*EXERCISE*.
Give all the lines below again, exactly, with no pictures.

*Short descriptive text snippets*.
Segment Open

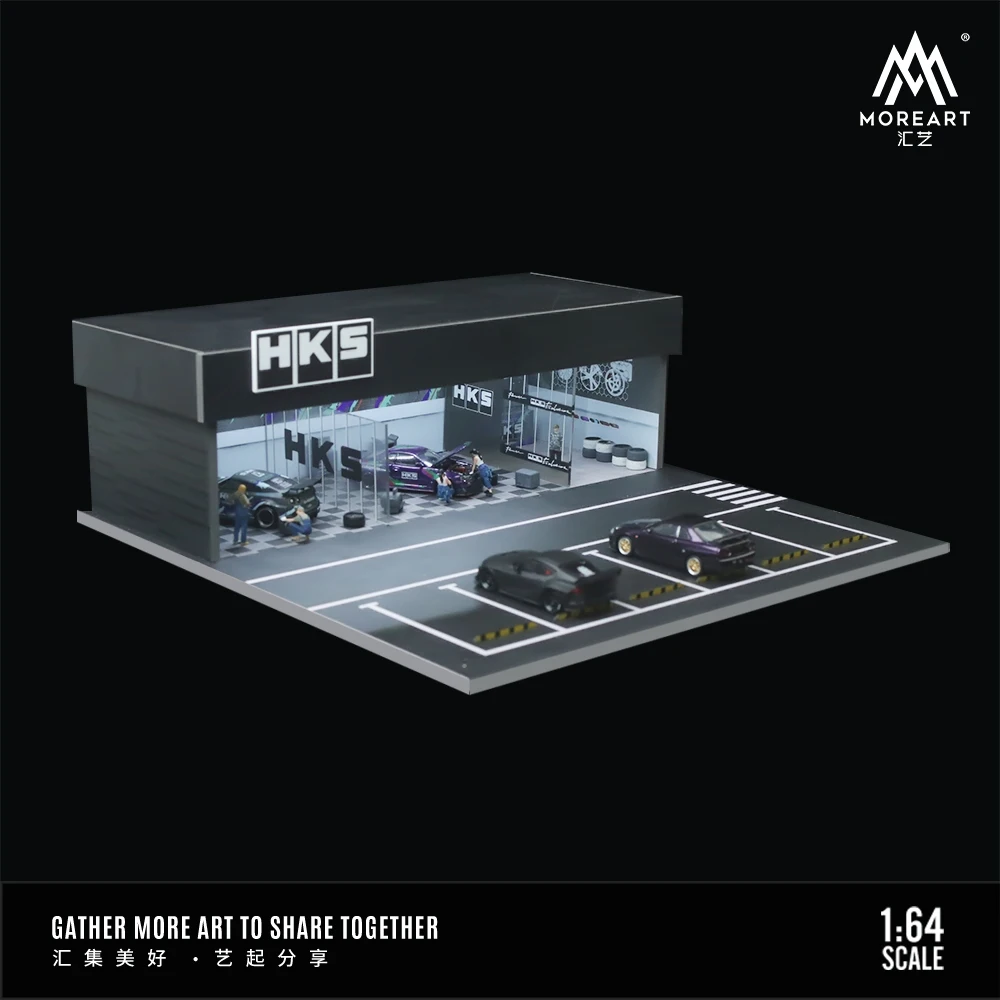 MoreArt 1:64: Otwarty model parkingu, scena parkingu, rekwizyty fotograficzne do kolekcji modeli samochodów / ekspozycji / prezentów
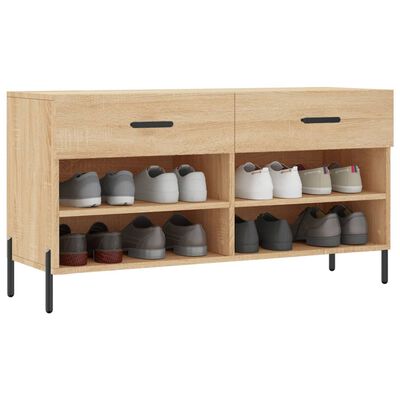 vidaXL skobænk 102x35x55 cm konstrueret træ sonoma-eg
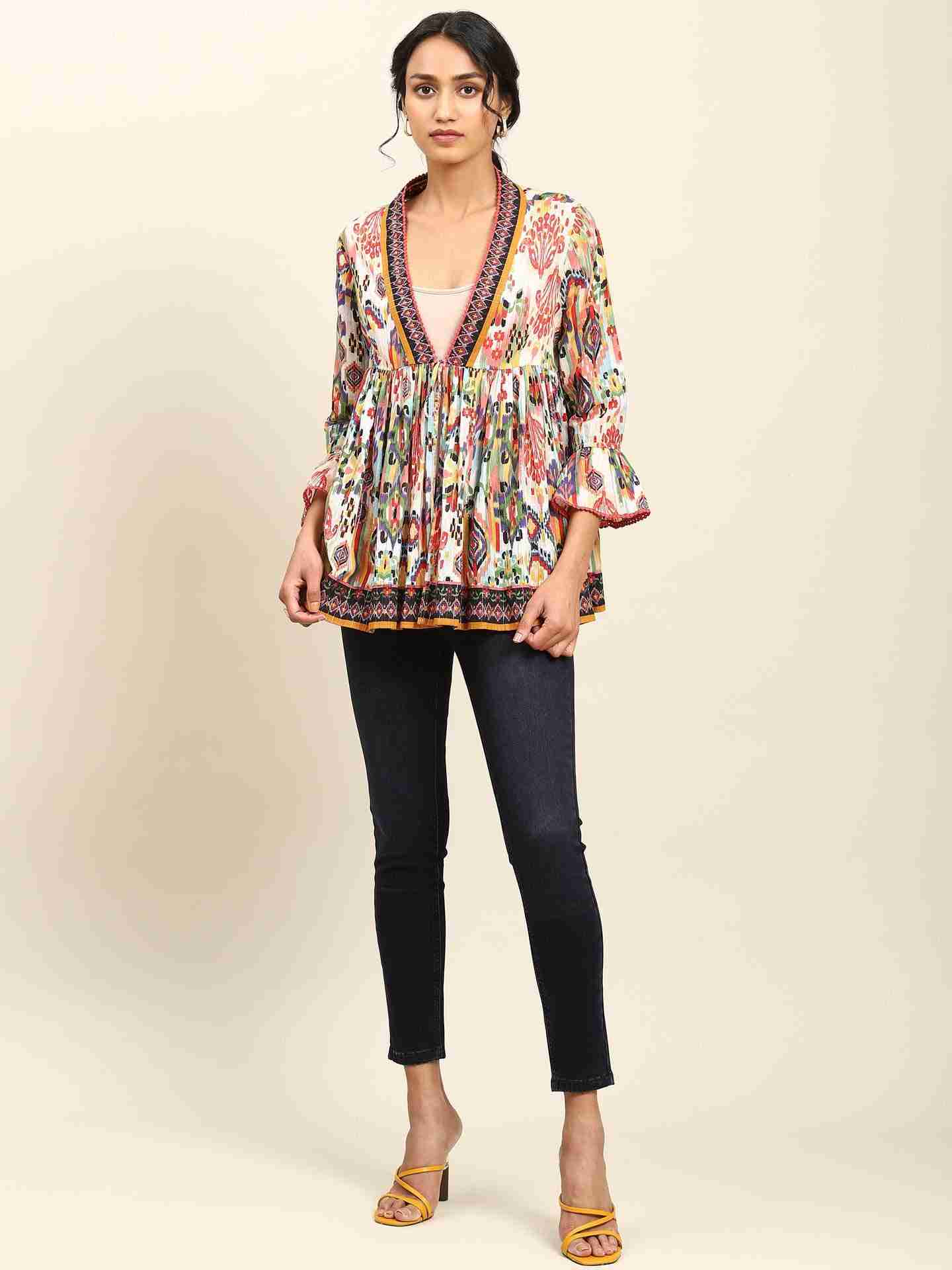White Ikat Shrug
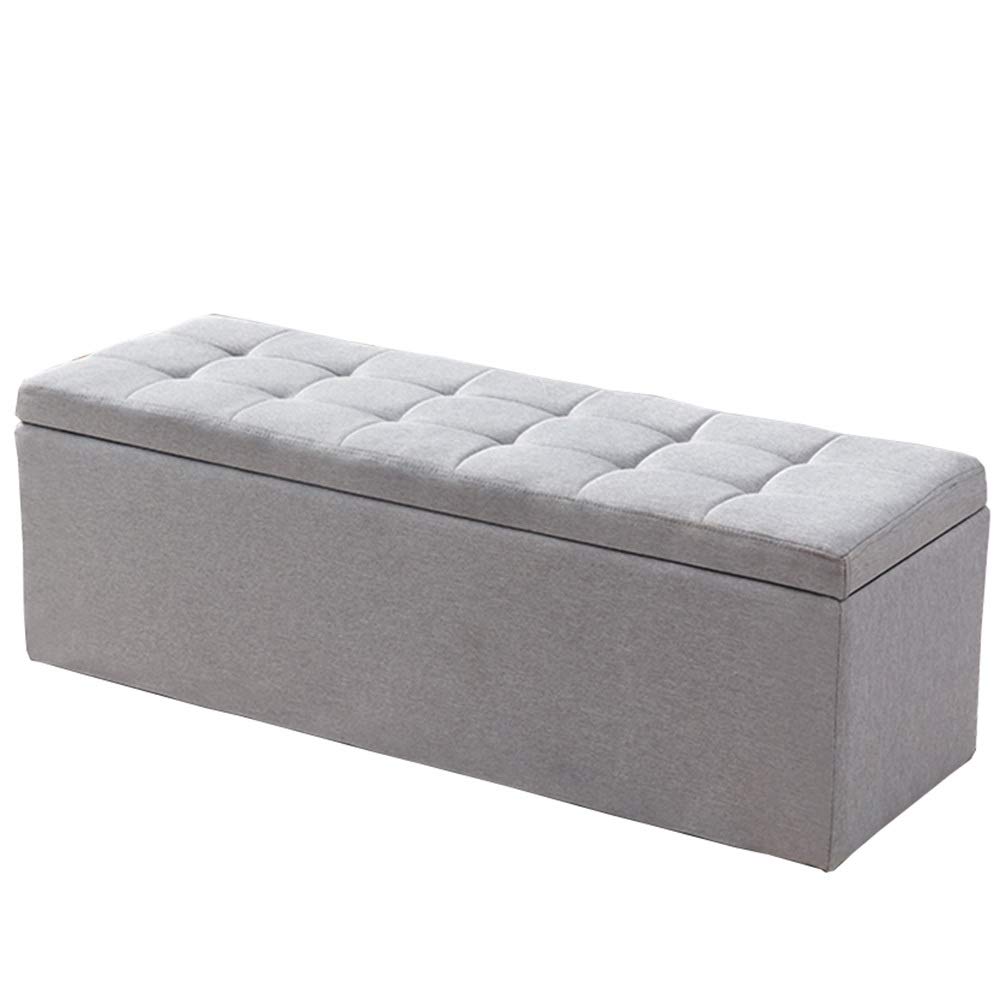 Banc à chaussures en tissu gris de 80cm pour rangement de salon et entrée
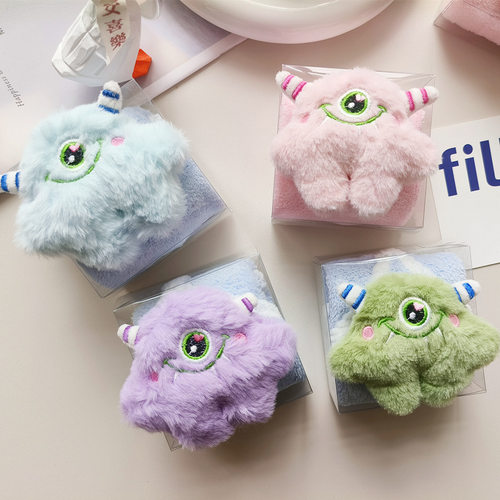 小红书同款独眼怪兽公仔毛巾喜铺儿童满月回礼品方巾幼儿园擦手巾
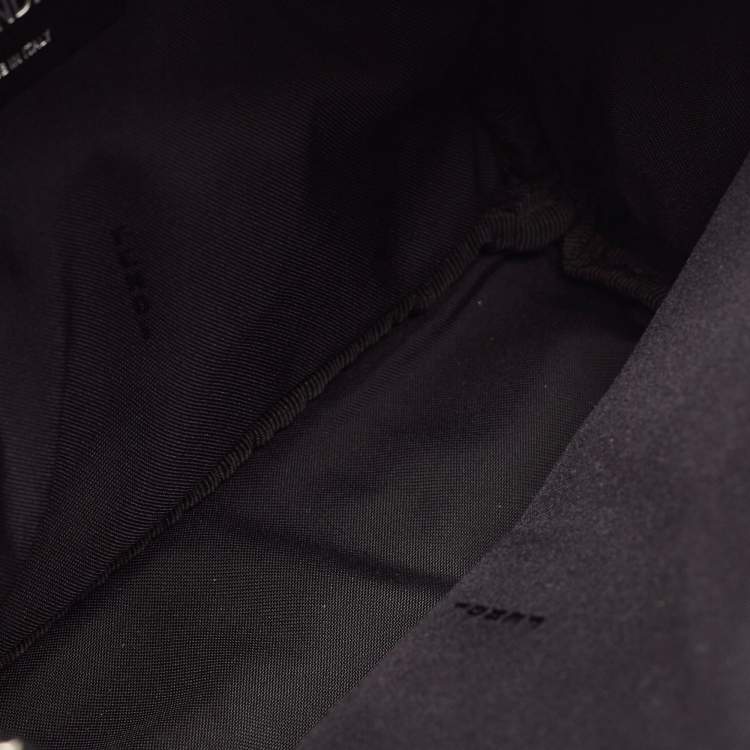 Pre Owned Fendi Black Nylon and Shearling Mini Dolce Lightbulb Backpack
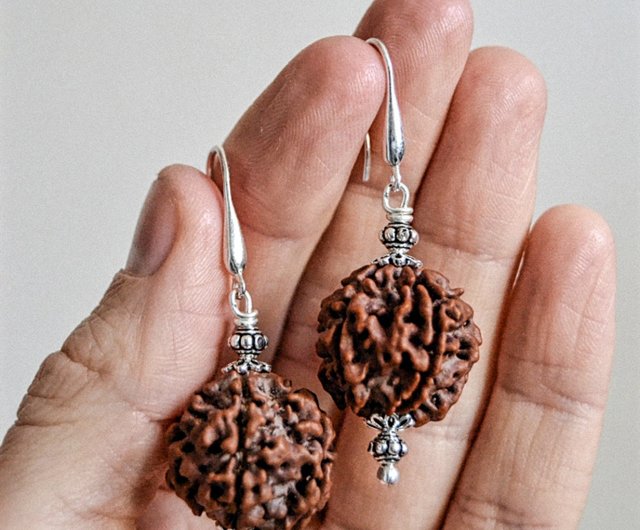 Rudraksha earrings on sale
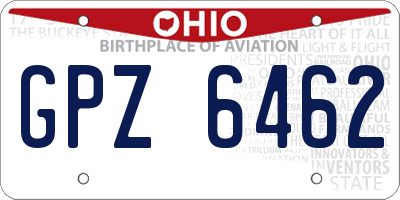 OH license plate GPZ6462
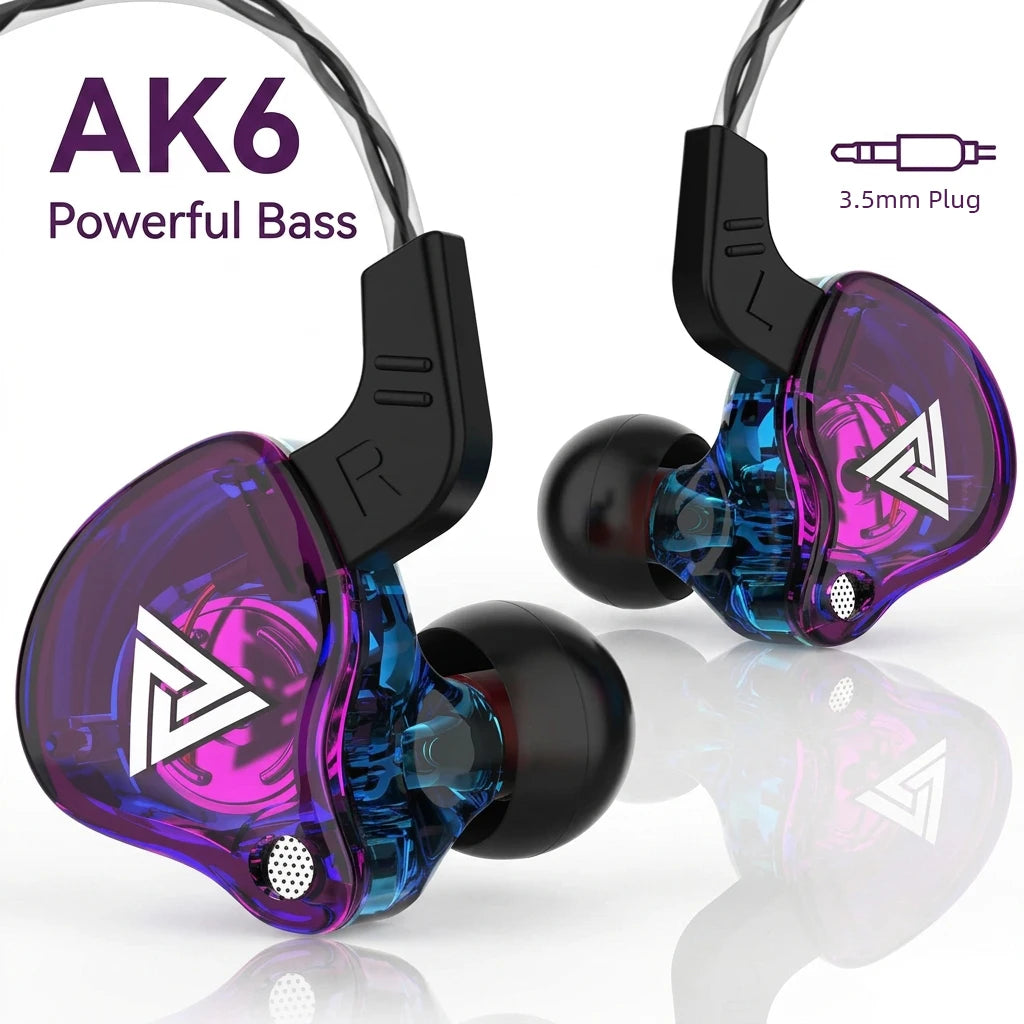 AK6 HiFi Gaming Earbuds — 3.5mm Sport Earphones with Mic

Segment Closed

*WRITTEN SOLUTION*.
 MoreArt 1:64: Otwarty model parkingu, scena parkingu, rekwizyty fotograficzne do kolekcji modeli samochodów / ekspozycji / prezentów
 vidaXL skobænk 102x35x55 cm konstrueret træ sonoma-eg
White Ikat Shrug
 Banc à chaussures en tissu gris de 80cm pour rangement de salon et entrée
 小红书同款独眼怪兽公仔毛巾喜铺儿童满月回礼品方巾幼儿园擦手巾
 Pre Owned Fendi Black Nylon and Shearling Mini Dolce Lightbulb Backpack
 Rudraksha earrings on sale
 OH license plate GPZ6462
 AK6 HiFi Gaming Earbuds — 3.5mm Sport Earphones with Mic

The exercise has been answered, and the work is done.